Canalblog
Editer l'article Suivre ce blog Administration + Créer mon blog
Publicité
Pense bête
11 juin 2008

Rêver

Je viens de commence La Tyrannie de la réalité de Mona Chollet et j'y ai lu ça :

" Planté au milieu des autres qui vont et viennent, il semble fixer un objet aux pouvoirs hypnotiques, visible de lui seul. Il a les bras ballants, ou les doigts noués devant son ventre en un geste humble et machinal. [...] Il est si intensément absorbé par le film que lui projette sa conscience qu'il en oublie le spectacle qu'il offre à son entourage ; et les autres, à bon droit sans doute, s'en offusquent. Autour de lui, on lui donne des coups de coude, on l'apostrophe avec agacement, on le houspille. Le rêveur exsaspère et inquiète.
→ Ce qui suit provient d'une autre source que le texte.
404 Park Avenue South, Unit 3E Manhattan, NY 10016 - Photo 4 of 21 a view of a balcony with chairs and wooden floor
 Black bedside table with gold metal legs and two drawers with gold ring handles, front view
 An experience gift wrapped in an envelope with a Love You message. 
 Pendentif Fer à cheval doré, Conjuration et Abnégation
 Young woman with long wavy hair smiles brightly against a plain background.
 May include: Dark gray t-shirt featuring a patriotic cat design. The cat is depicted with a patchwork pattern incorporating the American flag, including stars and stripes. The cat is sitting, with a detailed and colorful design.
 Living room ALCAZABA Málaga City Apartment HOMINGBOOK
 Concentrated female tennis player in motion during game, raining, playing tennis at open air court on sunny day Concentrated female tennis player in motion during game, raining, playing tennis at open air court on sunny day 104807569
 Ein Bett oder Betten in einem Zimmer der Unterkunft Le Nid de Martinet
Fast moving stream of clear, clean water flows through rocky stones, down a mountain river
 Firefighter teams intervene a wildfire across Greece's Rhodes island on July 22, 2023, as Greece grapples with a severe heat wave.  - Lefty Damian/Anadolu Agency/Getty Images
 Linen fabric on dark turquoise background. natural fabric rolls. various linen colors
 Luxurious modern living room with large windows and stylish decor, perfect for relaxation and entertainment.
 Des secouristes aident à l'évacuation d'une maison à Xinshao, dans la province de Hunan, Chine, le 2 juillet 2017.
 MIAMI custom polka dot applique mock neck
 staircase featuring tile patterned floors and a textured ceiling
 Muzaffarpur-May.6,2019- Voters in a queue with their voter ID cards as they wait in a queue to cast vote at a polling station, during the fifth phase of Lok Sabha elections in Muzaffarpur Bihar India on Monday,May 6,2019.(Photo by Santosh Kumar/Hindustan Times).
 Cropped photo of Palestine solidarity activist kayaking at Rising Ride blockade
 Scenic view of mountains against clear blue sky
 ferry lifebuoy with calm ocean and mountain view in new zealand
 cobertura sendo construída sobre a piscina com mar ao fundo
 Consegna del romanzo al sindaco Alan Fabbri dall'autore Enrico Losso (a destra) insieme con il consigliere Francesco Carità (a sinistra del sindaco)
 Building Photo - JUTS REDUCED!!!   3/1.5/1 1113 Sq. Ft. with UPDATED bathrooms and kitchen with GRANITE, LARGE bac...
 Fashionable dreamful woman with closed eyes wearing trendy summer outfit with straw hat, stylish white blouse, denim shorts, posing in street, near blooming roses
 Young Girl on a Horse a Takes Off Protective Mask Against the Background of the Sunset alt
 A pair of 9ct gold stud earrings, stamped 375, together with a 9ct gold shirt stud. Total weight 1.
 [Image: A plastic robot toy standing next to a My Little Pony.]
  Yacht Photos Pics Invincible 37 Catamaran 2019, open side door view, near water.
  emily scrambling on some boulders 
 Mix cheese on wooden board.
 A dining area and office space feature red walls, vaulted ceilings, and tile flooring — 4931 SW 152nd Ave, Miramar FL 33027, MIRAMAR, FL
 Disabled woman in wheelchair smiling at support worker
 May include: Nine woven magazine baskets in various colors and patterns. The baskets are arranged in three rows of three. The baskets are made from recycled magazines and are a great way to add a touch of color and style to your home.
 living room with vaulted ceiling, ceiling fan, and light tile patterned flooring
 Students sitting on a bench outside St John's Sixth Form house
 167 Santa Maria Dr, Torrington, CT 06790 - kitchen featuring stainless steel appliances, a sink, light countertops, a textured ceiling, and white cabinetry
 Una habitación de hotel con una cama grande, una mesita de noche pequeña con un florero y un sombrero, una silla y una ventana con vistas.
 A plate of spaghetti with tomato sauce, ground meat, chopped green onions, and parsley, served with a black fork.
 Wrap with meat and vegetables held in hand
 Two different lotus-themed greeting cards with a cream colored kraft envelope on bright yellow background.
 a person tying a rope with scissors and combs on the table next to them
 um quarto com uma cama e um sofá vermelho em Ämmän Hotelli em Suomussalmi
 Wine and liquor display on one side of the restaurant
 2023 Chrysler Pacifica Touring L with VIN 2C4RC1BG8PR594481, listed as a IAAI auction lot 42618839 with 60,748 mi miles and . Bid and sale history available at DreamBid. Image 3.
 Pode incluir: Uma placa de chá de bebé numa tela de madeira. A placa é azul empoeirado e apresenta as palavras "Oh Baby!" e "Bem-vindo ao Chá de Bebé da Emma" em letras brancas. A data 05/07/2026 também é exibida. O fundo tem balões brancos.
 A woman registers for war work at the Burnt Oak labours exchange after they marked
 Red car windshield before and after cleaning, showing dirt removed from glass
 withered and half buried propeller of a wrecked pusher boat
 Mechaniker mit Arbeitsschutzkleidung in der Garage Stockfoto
Certains voient en lui l'image de ce qu'ils sont parfois eux-mêmes : le rejet qu'ils manifestent n'en est pas moins violent. D'autres, les yeux étincelants d'indignation, le toisent sans comprendre. Il représente à leurs yeux une incongruité totale, scandaleuse. Qu'en ont-ils fait, eux, des fantasmes à la puissance incontrôlée qui s'abattaient sur eux, enfants, et leur en faisaient voir de toutes les couleurs avant de se retirer en les laissant pantelants, la langue pendante ? Qu'ont-ils fait des extases quasi mystiques où les propulsait la grande révolution hormonale de l'adolescence, et de l'exaltation niaise et inestimable qui les accompagnait ? Ils les ont cadenassés dans un arrière-grenier, sans songer un instant qu'ils pouvaient leur servir pour la suite de bagages, de havres, de repères. Et, s'ils y ont songé, parents et professeurs se sont chargés de les y faire renoncer - pour leur bien, évidemment. Car le rêve, les adultes résument leur être à l'addition de leur rôle social et familial, et adoptent les comportements et les opinions les mieux à même de leur valoir la considération de leur entourage. Rien d'étonnant si le rêveur apparaît comme un fou : comment comprendraient-ils où il va chercher tout ça ?  Ils ont depuis si longtemps condamné les sentiers qu'il emprunte, qu'ils ont oublié jusqu'à leur existence.

Fou, il n’est pas exclu qu’il le soit effectivement. « Nous naissons tous fous. Quelques-uns le demeurent », écrivait Samuel Beckett. Le rêveur est de ceux-là, à l’évidence. Il a du mal à se faire accepter, et il faut bien reconnaître qu’il n’y met pas du sien. Sa socialisation est chaotique, douloureuse. S’étant trop attardé dans sa tour d’ivoire, il a manqué beaucoup d’épisodes, et se retrouve éternellement en porte à faux. Son en dedans, il le connaît comme sa poche, il l’a cultivé, mais son, en dehors, il peine à l’ajuster à celui des autres. Ses lubies et ses élucubrations embarrassent tout le monde : il tient des propos d’une grandiloquence déplacée. Le plaisir particulier qu’il prend au simple fait d’être en vie – même s’il donne parfois une impression illusoire de neurasthénie -, l’émerveillement inépuisable que lui procure sa propre capacité à respire, à aimer, à s’émouvoir, à penser, à créer, et même à souffrir, peuvent facilement le rendre d’une fatuité exténuante, voire d’un effarant égocentrisme, qui peuvent finir par taper sur le système des mieux disposés. Les autres, grâce à lui, se rengorgent, confortés dans leur propre sentiment de sagesse, de rectitude, et de conformité. Ils pensent être comme il faut, « dans la vie ». Les imbéciles. Ils ignorent qu’ils avancent à tâtons, que ceux qu’ils croient judicieux de suivre sont aussi perdus qu’eux ; et que le rêveur lui comme autrefois la pythie de Delphes, sait. […] Il lui suffit d’attendre, d’écouter ses intuitions, de laisser ses pensées suivre leur cours, son imagination vagabonder, ses sentiments décanter : à un moment donné, de manière inopinée – c’est parfois le matin, au réveil, mais pas toujours -, il sait. Une bribe de savoir s’est déposée en lui comme une pépite discrète sur le tapis de l’orpailleur ; il trace sa route en cheminant de l’une à l’autre.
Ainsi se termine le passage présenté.